Multi-threaded-core mixer

I have been working on a mixer for live use.  It is open ended for the number channels and number of mixes.  Each channel strip is open ended for the number of eq filters that can be applied.  It also has vst plugin capability.  So I am trying to get it to work on more that one core.

 

I have an example setupf for testing, with 32 channels, 6 filters, and 10 stereo mixes. My hardware is soniccore scope running 44.1k sample rate and 3 ms latency. 

Running this configuring in a single thread(Compiled in debug mode on windows), I see cpu load of about 50%.  This is measured using the preformance counters and measuring time used, vs time between asio callback.

 

But I am testing on a 4 core cpu and it will be used on a 6 core sytem later, so I decided to split the work between threads.  This has been an interesting exercise that I have not comlpetely solved yet. 

What I did was create cpu-1 threads instead of one(so with 4 cores I get 2 extra threads).  The asio callback thread is a controlling thread.  It sets a ThreadLock that the other 2 treads block on.  When the asio thread calls back, it releases the lock and the 2 waiting threads wakeup.  I use atomic increment and decrements for the treads to control the tasks.  If the asio callback thread finishes first, it must wait for the other threads.  I am using a spin lock for this.  When all tasks are complete, the 2 extra threads block on the mutex again and the asio thread returns. (there some intermedia syncroniztion involved too).

This actually works quit well.  I see the load drop to about 20% which is about what I expected.  However, I get occasional drop outs where the single thread operation is rock solid.

I think my problem is the threads may not be assigned on different cpus based on current system demand.  For multithreading to be really usefull I think the threads must be on different cores or all bets are off as to whether this will work well.  Everything I read about thread affinity is "don't do it".  Also, not sure how much latency is involved with thread locks.  I asume they are built on standard windows messages.

I did not use Juce thread classes(I was lazy and used standard windows stuff I was familiar with)

Here is the quesiton.  If you have  many tasks, and multple threads, and the taskes must be done in groups sequenciall(so all threads will work on channel processing, then wait for each other, then all do mixes and wait, then do vsts), how should this be done?  Any suggestions?

I know this is a long post, but not sure how much info I need to get the question asked properly.

 

http://www.rossbencina.com/code/real-time-audio-programming-101-time-waits-for-nothing

Thanks, I had already read this.  But itis not really helpful.  When you have muliple threads working together, there is no getting around the fact someone will have to wait for something.  This article basically says it is impossible and maybe that is the answer.  If the porgam had complete control of a core (I.E, windows cannot take it), it could be done. 

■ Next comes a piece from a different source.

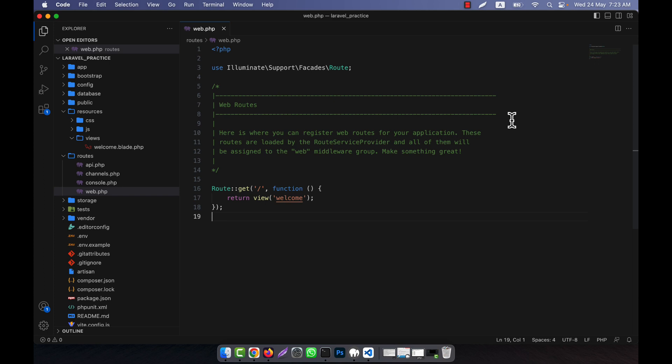In this way it speeds up application response time. When you normally render a view in Laravel, the Blade template engine compiles the view into PHP code that can be executed by the PHP interpreter. The compilation process can slow down the response time, especially when the view is complex and has many Blade directives.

It seeem like this would be possible.... Say you have 6 cores.  Create 4 threads, and use Thread affinity to force them to different cpus.  Then,  have each thread runn 100%.  Never do a system call, only do the processing and spinlock foreven waiting for the controlling thread.  You could guarantee the controling thread never blocked longer than the giving time. (assuming there is enough cycles to finish all the tasks).  As long as there is one extra core for the os to use this should work.

This would obviously be waiting lots of cpu, but if system is dedicated for that functionality only, id doesn't matter.  After, that'swhat the os does with idle time, burn cpu cycles.

It's certainly possible - we did it for tracktion's rendering engine and it works really well.

I don't think there's any need to worry about affinities as long as you use a thread pool of an appropriate size, but using lock-free data structures is the important bit. You mentioned using a spin-lock, and I'd recommend against that - WaitableEvents or mutexes are generally better for this kind of thing.

1 Like

In my Multiprocessor version of AudioProcessorGraph i use WaitableEvents to signal when a thread has finished, but there are situations where the audiocallback-thread itself has to wait, and using a spinlock give me much better results and lower possible latencies.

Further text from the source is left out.